Why You Still Feel Tired After Rest

The 7 Types of Rest You Probably Aren’t Getting

You slept eight hours. You cleared your calendar. You even booked a weekend getaway. So why do you still feel bone-tired?

The truth is, rest isn’t just about sleep. And for many of us, the kind of rest we’re reaching for doesn’t match the kind of exhaustion we’re actually carrying.

In a world driven by productivity metrics and burnout culture, many are discovering that the root of their fatigue is more complex than physical depletion. According to Saundra Dalton-Smith, a physician and researcher, the real issue is unbalanced rest. Her framework, The 7 Types of Rest, has reshaped how thousands understand fatigue—and why conventional self-care often falls short.

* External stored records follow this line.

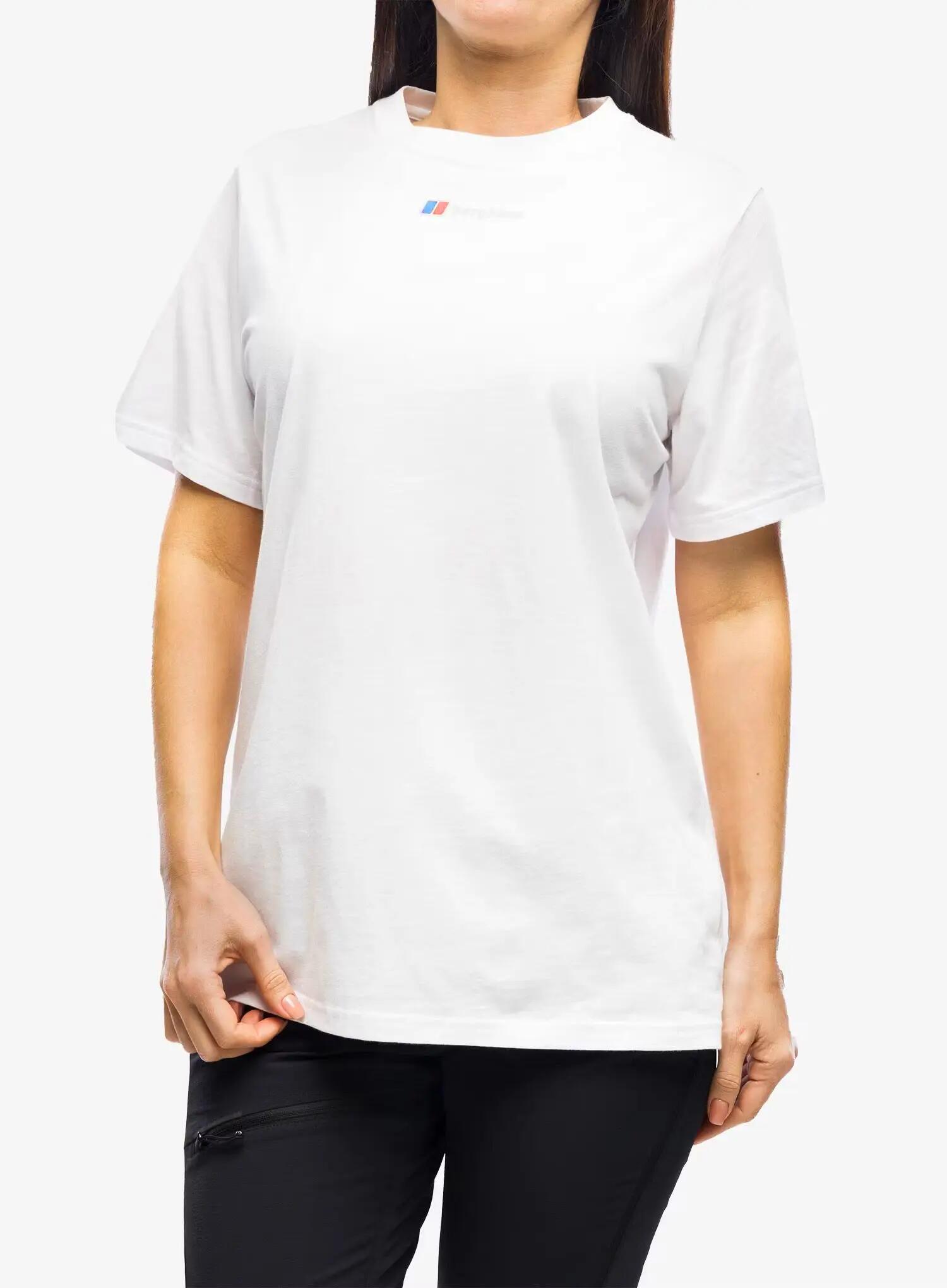 BERGHAUS picture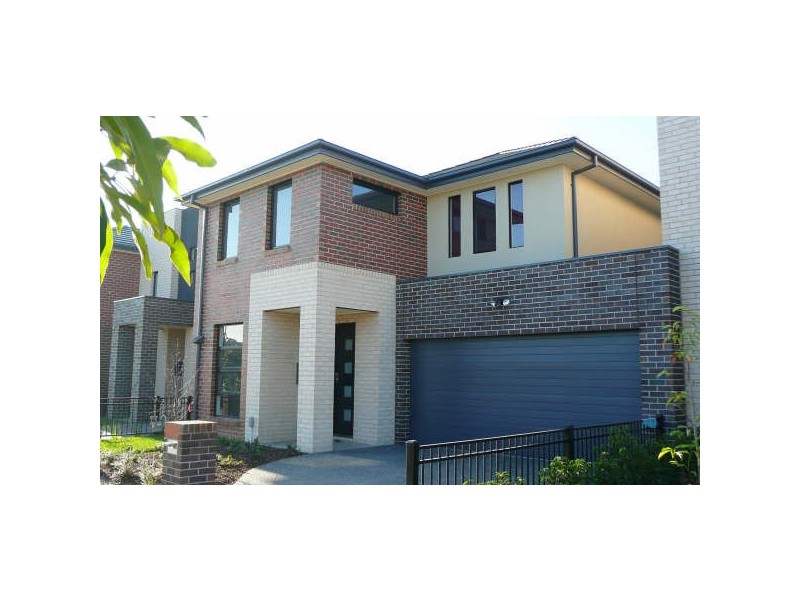 Lot 409 Botanic Drive, Clayton South VIC 3169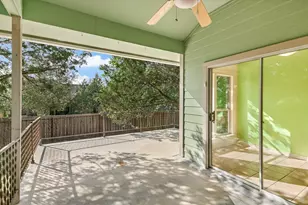 27 Indian Princess, Wimberley, TX 78676 - Photo 23
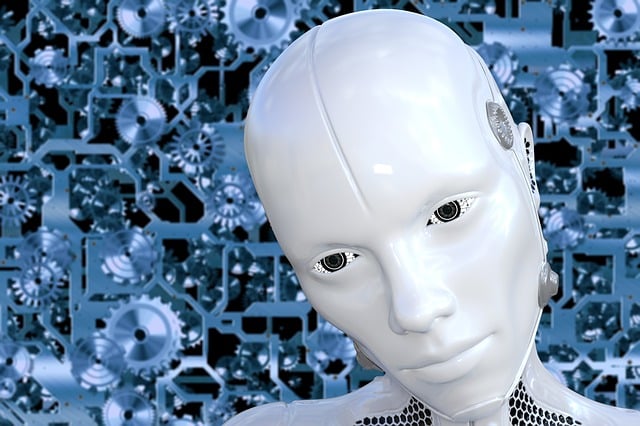 Smart Monitoring: Mold-Resistant Fabrics for Healthier Homes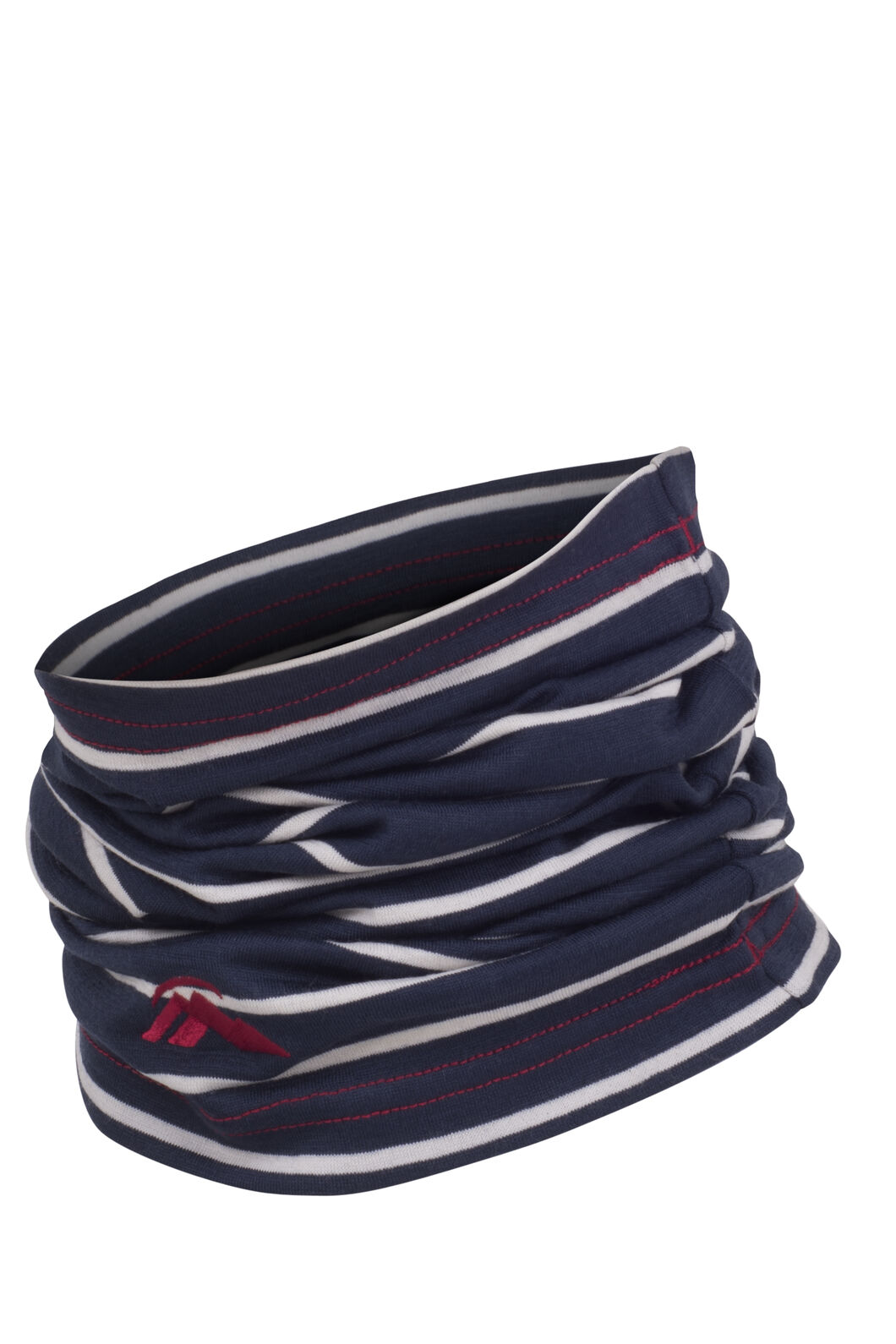 Macpac Merino 150 Neck Gaiter Macpac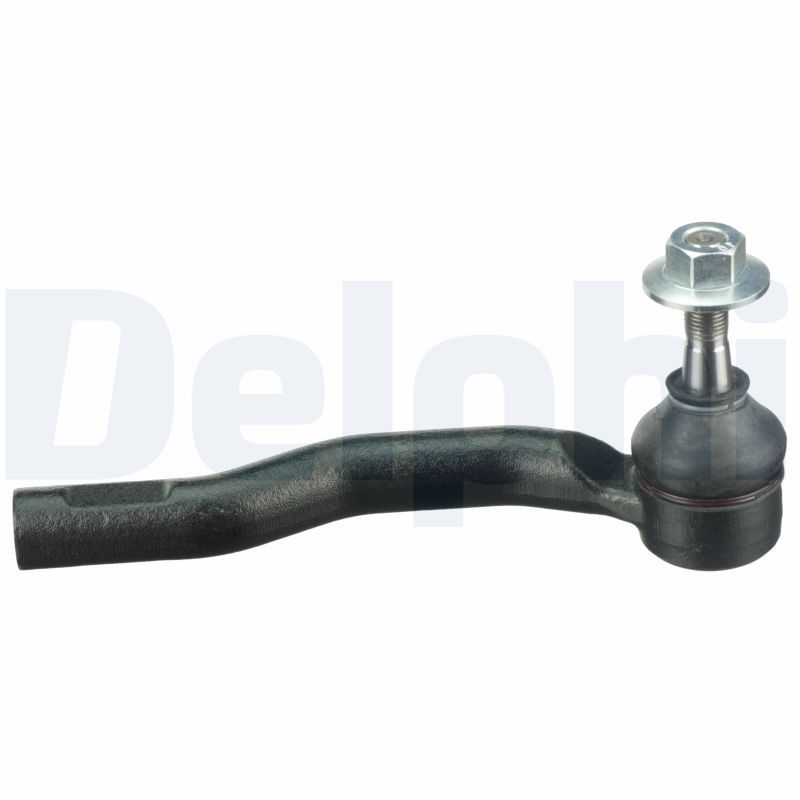 Delphi TA3190 Tie Rod End - 1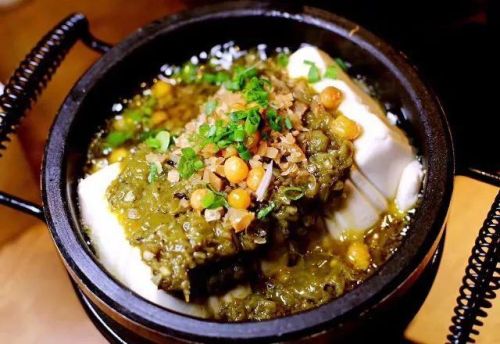 成都减肥加盟店排行榜(成都减肥中心哪家好)插图5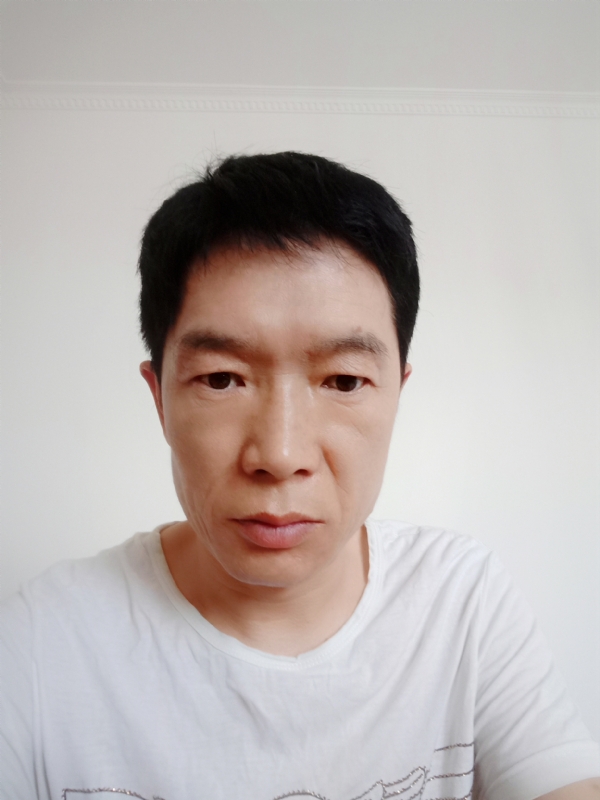 等你回家的第二张照片--古田相亲网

A closer look at the seven ways we need to rest:

  • Physical Rest: Yes, this includes sleep. But it also involves passive rest (napping, sleeping) and active rest (stretching, deep breathing, gentle movement). It’s about restoring the body, not just shutting it down.

  • Mental Rest: Ever lie in bed tired but wired? That’s your brain begging for a break. Mental rest is space from constant decision-making, problem-solving, and information overload.

  • Emotional Rest: This is the rest we feel when we can be our whole selves—no masks, no pretending. It’s the gift of saying, “I’m not okay,” and not being judged for it.

  • Social Rest: Not all time with people is draining—but some definitely is. Social rest means choosing relationships that energize rather than exhaust, and sometimes, it means choosing solitude.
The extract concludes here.